According to local police, the victim discovered in May had been shot in the head and stuffed in a barrel before being thrown overboard, which was a stamp of the hitmen who shadowed Las Vegas in the 1970s and 1980s. A gun was also exposed near the body, discovered by a journalist, but it is still unclear if it is linked to the body as the weapon of murder or not.
The Las Vegas police tweet read, "A firearm has been recovered in the Lake Mead National Recreation Area on August 17, 2022, in close proximity to where one of the human remains were found."

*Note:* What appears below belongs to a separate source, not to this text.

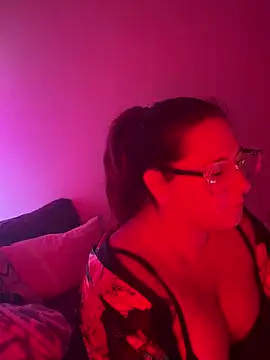 Snapshot of Thegr33ngypsy chatting on 10-29-25, 03:09 Thegr33ngypsy online show from 10-29-25, 03:09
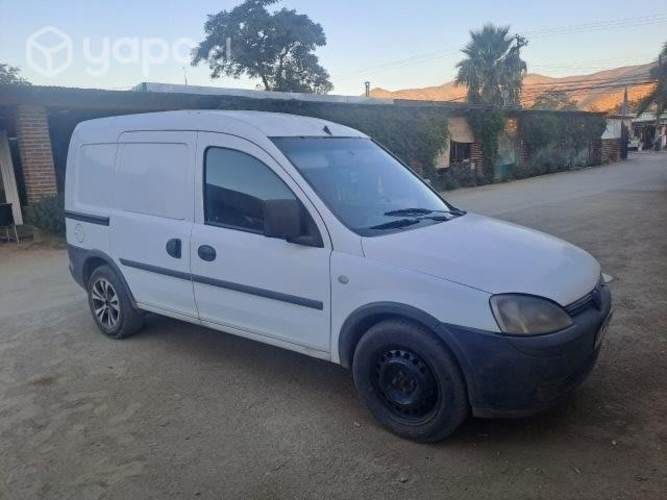 Camioneta 1.3 petrolera combo van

Just a few days after the body in the barrel emerged, another body was uncovered, and a third was discovered in July. An additional two more sets of skeletal remains were detected this month in the Swim Beach area of the lake.
Links to climate change
The discovery of bodies has been rising since the beginning of May in the country's largest man-made reservoir whose water comes from the Hoover Dam in the Colorado River. Also known as the Lake Mead National Recreation Area, it hosts about eight million visitors annually and operates four marinas for fishing and water sports activities.
Drought is gripping much of the western part of the US at a historic rate and is overexerting pressure on water sources, with reservoirs and lakes falling to record-low levels.
Lake Mead was once at a depth of 365 meters above sea level, but due to the drought that has been going on for two decades now, it is rapidly and alarmingly shrinking.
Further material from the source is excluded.